Information shown:
[Start of Attachment]

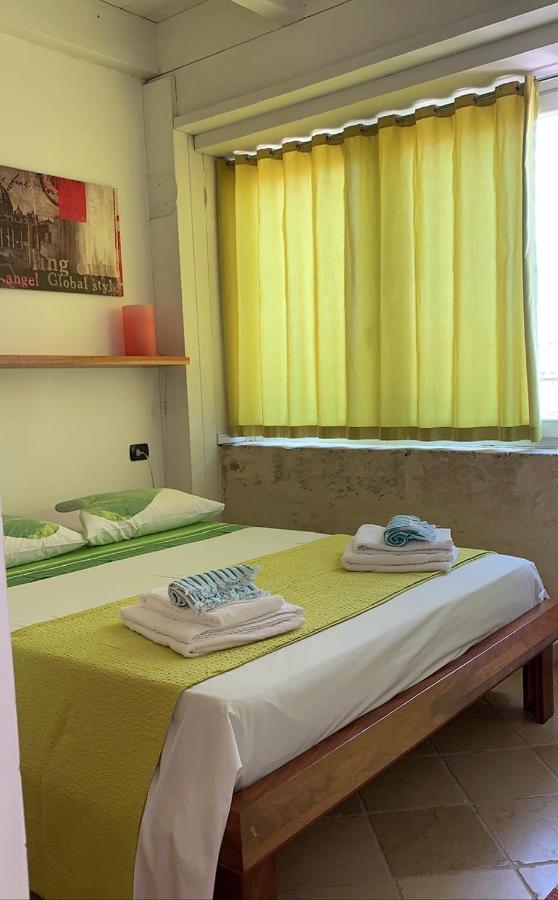 Le Tre Civette Bed & Breakfast Lecce Bagian luar foto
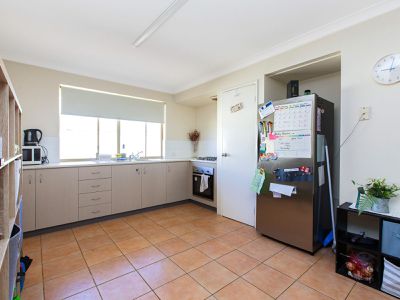 1 / 2 Tipping Street, Carey Park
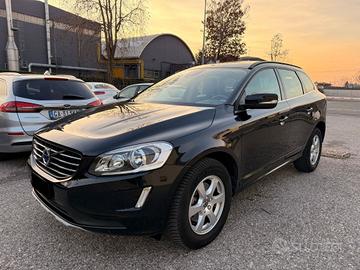 VOLVO XC60 D3 Geartronic R-design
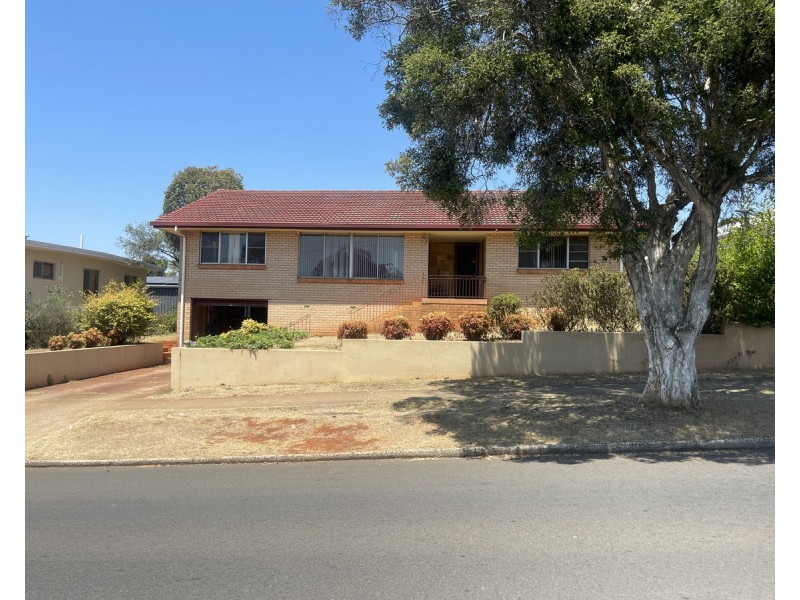 86 Stephen Street, Harristown QLD 4350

[End of Attachment]

What is needed: Reproduce the listing above exactly, but skip the pictures.

Solution for this task:
 Le Tre Civette Bed & Breakfast Lecce Bagian luar foto
 1 / 2 Tipping Street, Carey Park
 VOLVO XC60 D3 Geartronic R-design
 86 Stephen Street, Harristown QLD 4350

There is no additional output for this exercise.